═════ Exercise data ═════
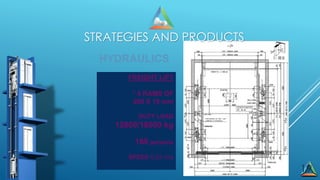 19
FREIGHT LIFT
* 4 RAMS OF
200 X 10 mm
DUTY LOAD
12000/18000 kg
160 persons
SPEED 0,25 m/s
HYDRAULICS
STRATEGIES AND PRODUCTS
═════
═════ Exercise data ═════
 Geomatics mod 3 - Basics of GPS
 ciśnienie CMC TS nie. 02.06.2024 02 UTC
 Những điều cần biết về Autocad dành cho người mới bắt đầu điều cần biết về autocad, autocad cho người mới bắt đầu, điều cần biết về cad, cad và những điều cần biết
═════
What do the lines above say from the one containing "160 persons" down to the one containing "STRATEGIES AND PRODUCTS"? Return them exactly, both end lines included, and only them.

160 persons
SPEED 0,25 m/s
HYDRAULICS
STRATEGIES AND PRODUCTS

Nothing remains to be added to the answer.